> **Data to use**:
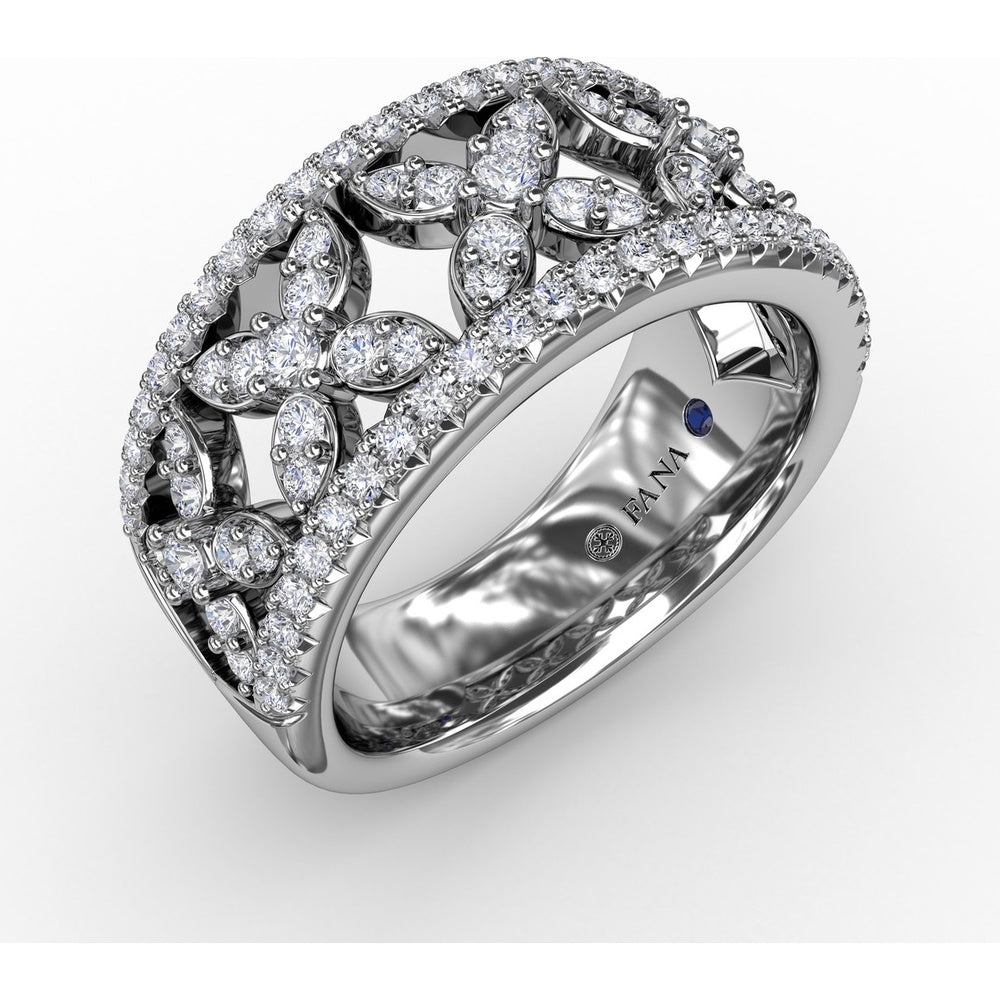 Openwork Floral Diamond Band with Pavé Borders by Fana - 0.83 Carat Total Diamond Weight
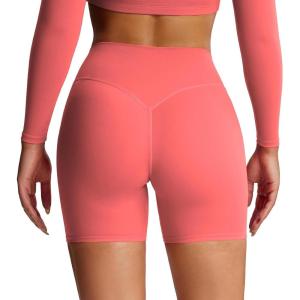 imageAoxjox Metamorph Workout Biker Shorts for Women Tummy Control High Waisted Athletic Gym Running Deep V Yoga Short 6quotSpiced Coral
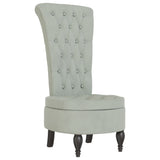 High Back Chair Light Grey Velvet Button Design 352464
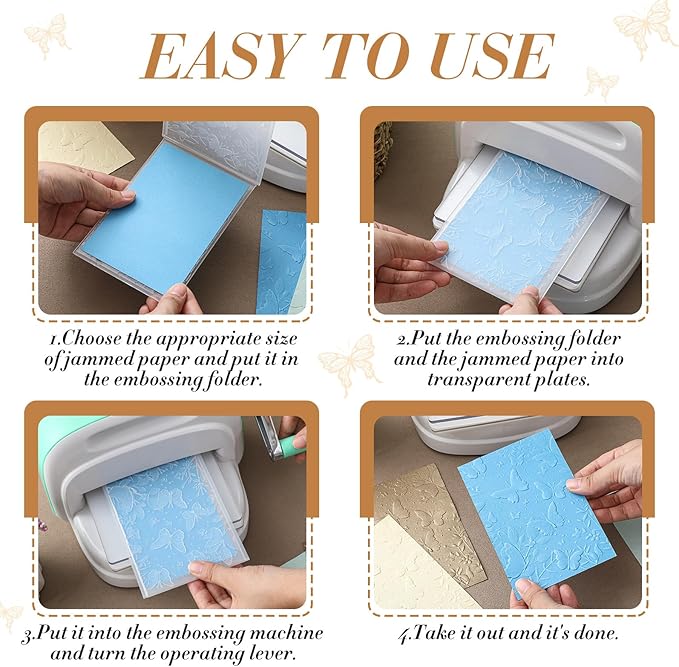 Geiserailie 1 Pcs Embossing Folders Embossing Machine Template Paper Card Folders for Christmas Card Making DIY Flower Scrapbook Photo Album Craft Decoration 5.9 x 4.1 Inch (Butterfly Style)
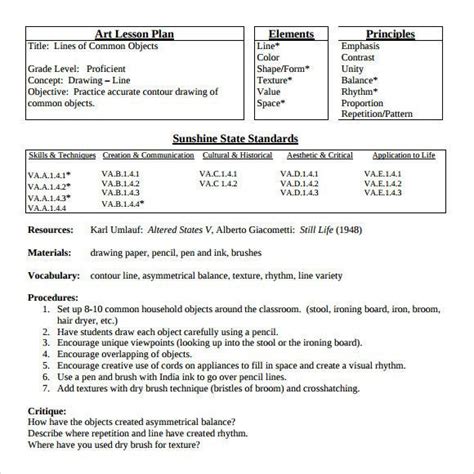 Image result for Visual Art Lesson Plan Example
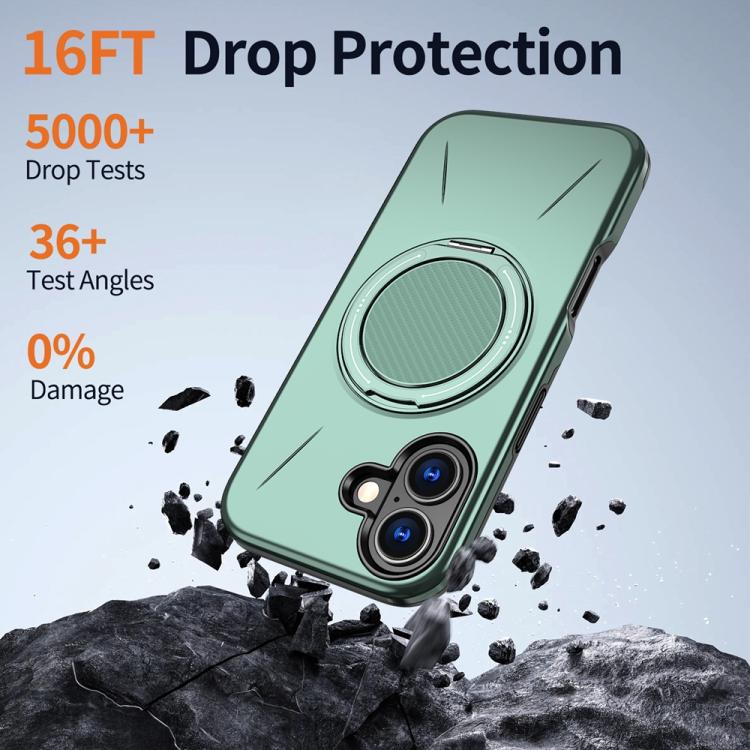 For iPhone 17 Metal Rotation Holder MagSafe TPU Hybrid PC Phone Case(Grey Green) - iPhone 17 Cases by buy2fix | Online Shopping UK | buy2fix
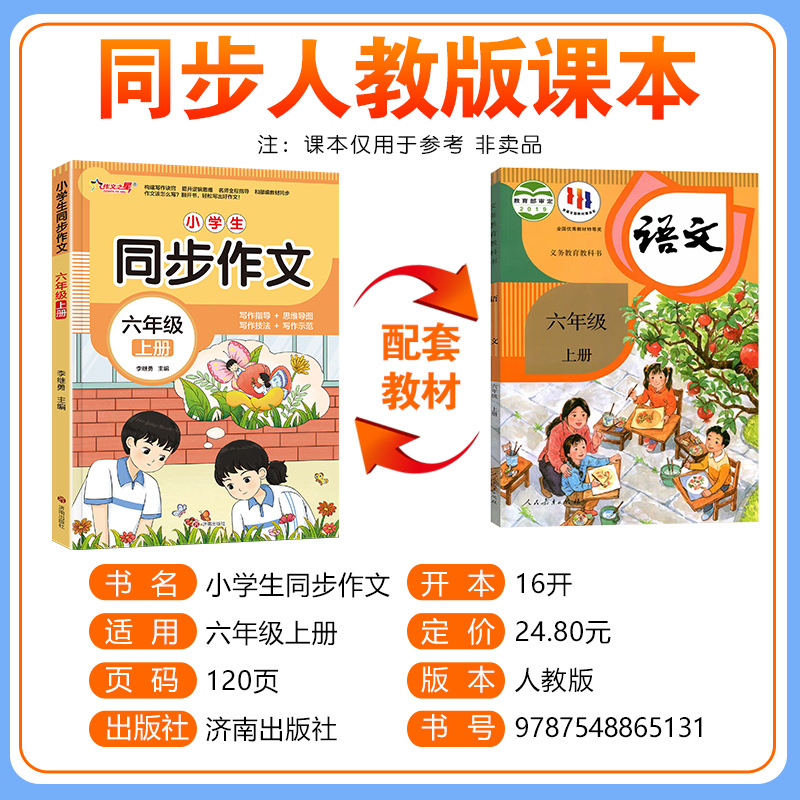 作文之星小学生同步作文六年级上下册彩图写作思维导图范文技法指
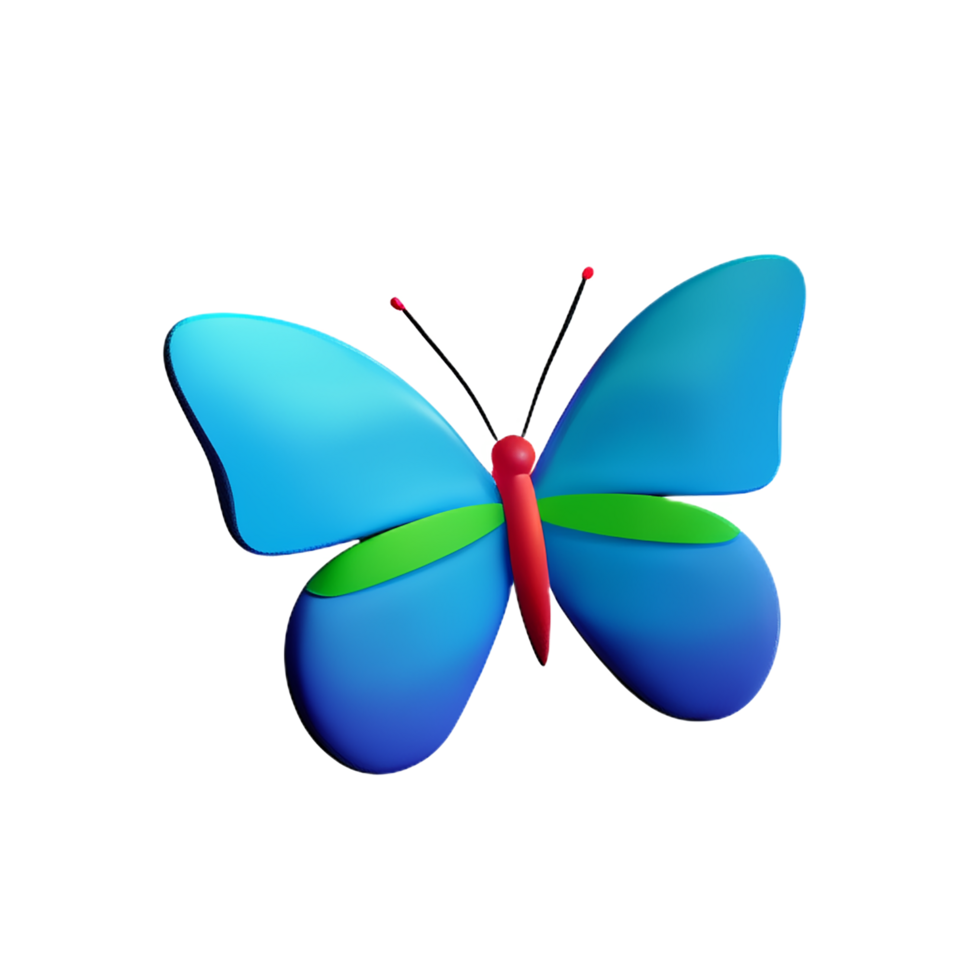 butterfly 3d icon illustration png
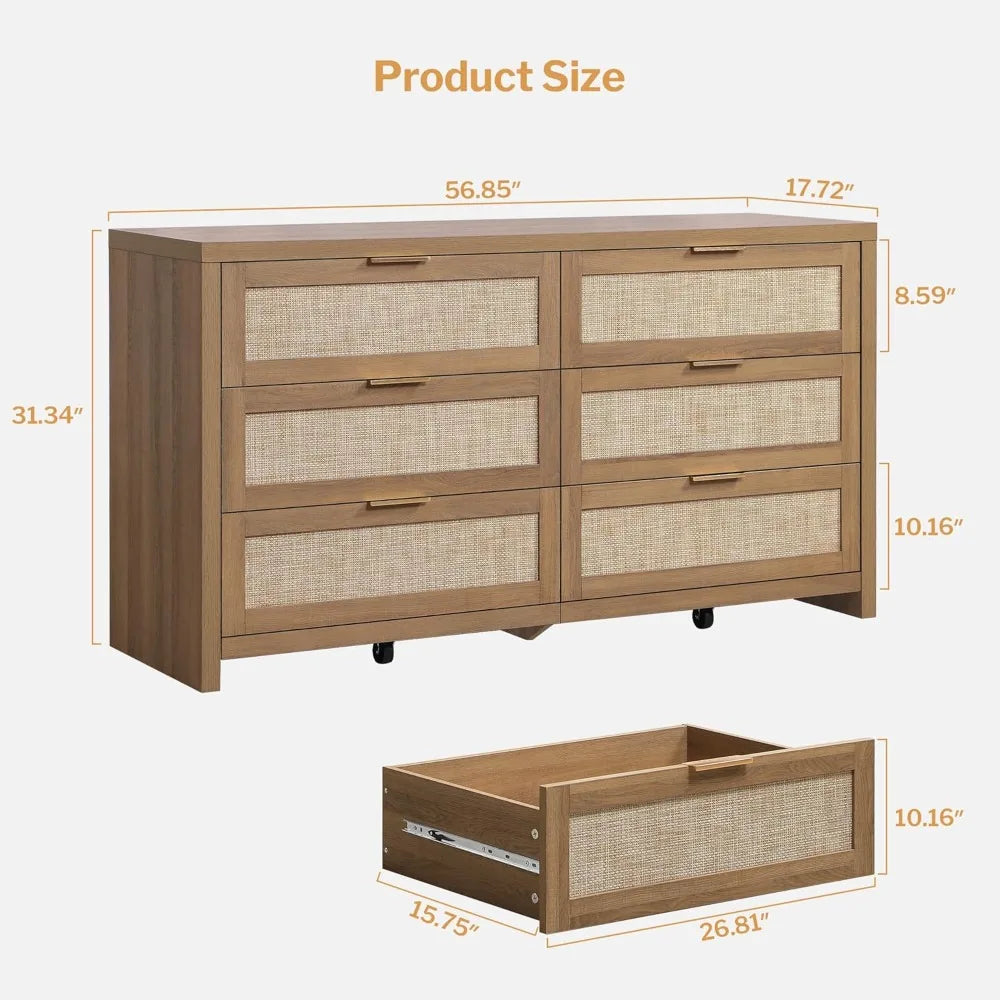 Rattan Dresser 6 Drawer Chest Storage Modern Bohemian Style for Bedroom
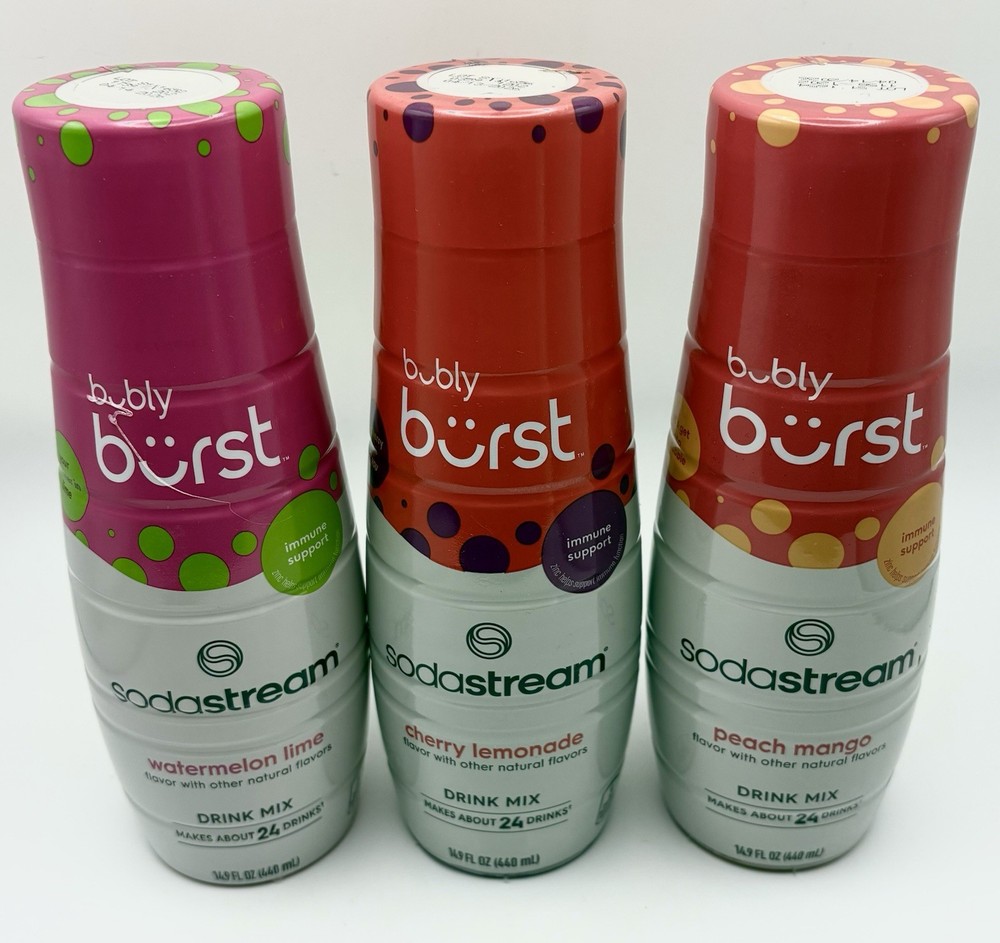 Bubly Burst Variety Pack Drink Mix 440Ml, Pack of 3 Watermelon Lime Peach Mango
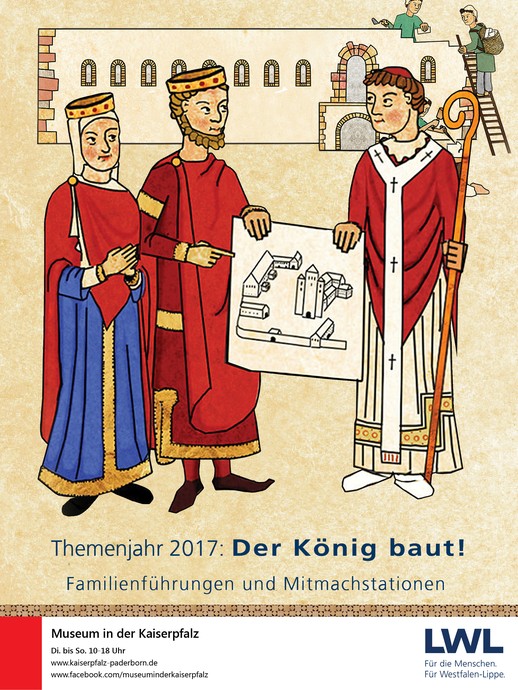 Plakat der Ausstellung "Der König baut!" (vergrößerte Bildansicht wird geöffnet)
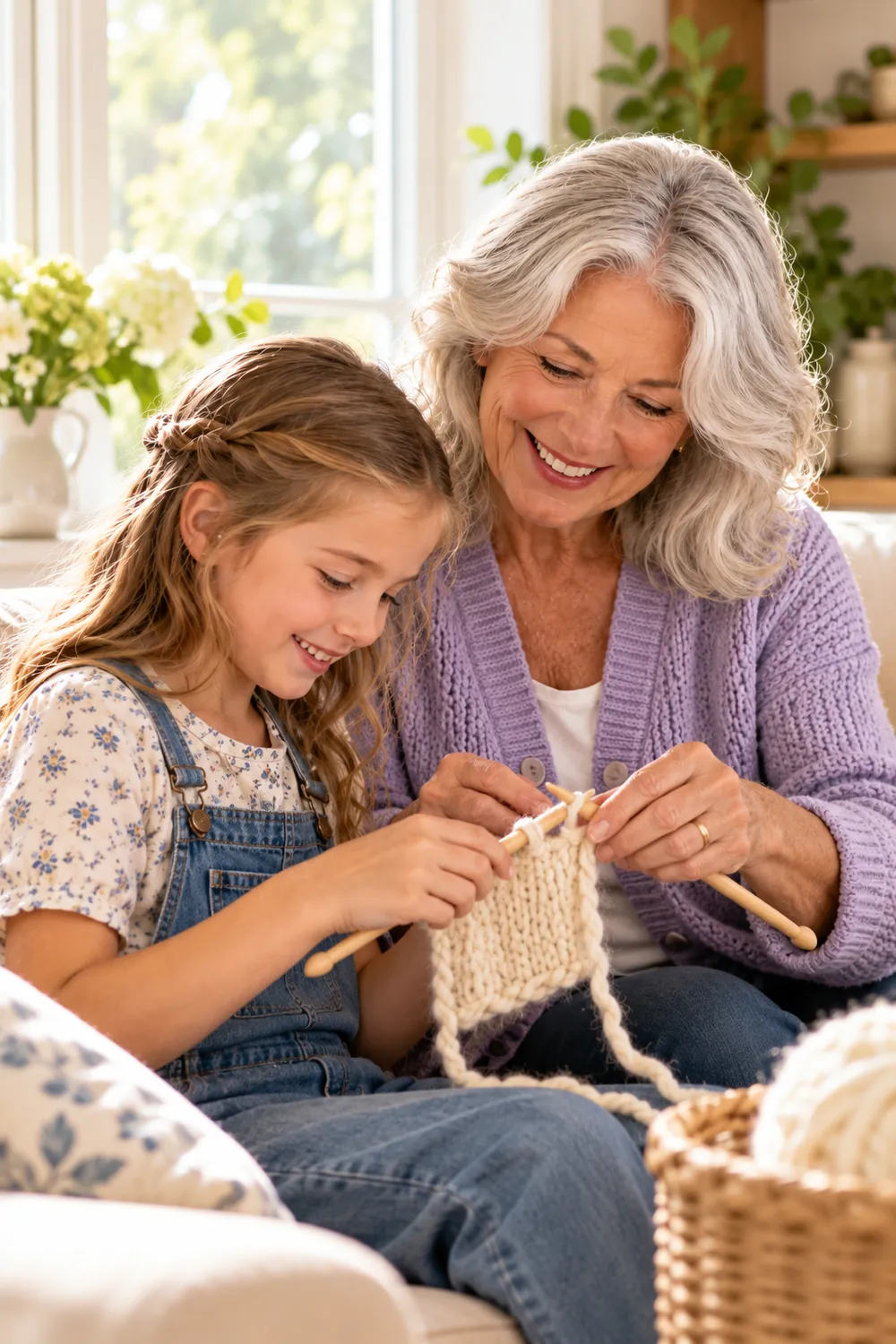 Grandmother teaching her granddaughter to knit by a sunny window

> **What the exercise asks**:
Without changing a word, retype every entry above, but drop its pictures.

> **Response below**:
 Openwork Floral Diamond Band with Pavé Borders by Fana - 0.83 Carat Total Diamond Weight
 imageAoxjox Metamorph Workout Biker Shorts for Women Tummy Control High Waisted Athletic Gym Running Deep V Yoga Short 6quotSpiced Coral
 High Back Chair Light Grey Velvet Button Design 352464
 Geiserailie 1 Pcs Embossing Folders Embossing Machine Template Paper Card Folders for Christmas Card Making DIY Flower Scrapbook Photo Album Craft Decoration 5.9 x 4.1 Inch (Butterfly Style)
 Image result for Visual Art Lesson Plan Example
 For iPhone 17 Metal Rotation Holder MagSafe TPU Hybrid PC Phone Case(Grey Green) - iPhone 17 Cases by buy2fix | Online Shopping UK | buy2fix
 作文之星小学生同步作文六年级上下册彩图写作思维导图范文技法指
 butterfly 3d icon illustration png
 Rattan Dresser 6 Drawer Chest Storage Modern Bohemian Style for Bedroom
 Bubly Burst Variety Pack Drink Mix 440Ml, Pack of 3 Watermelon Lime Peach Mango
 Plakat der Ausstellung "Der König baut!" (vergrößerte Bildansicht wird geöffnet)
 Grandmother teaching her granddaughter to knit by a sunny window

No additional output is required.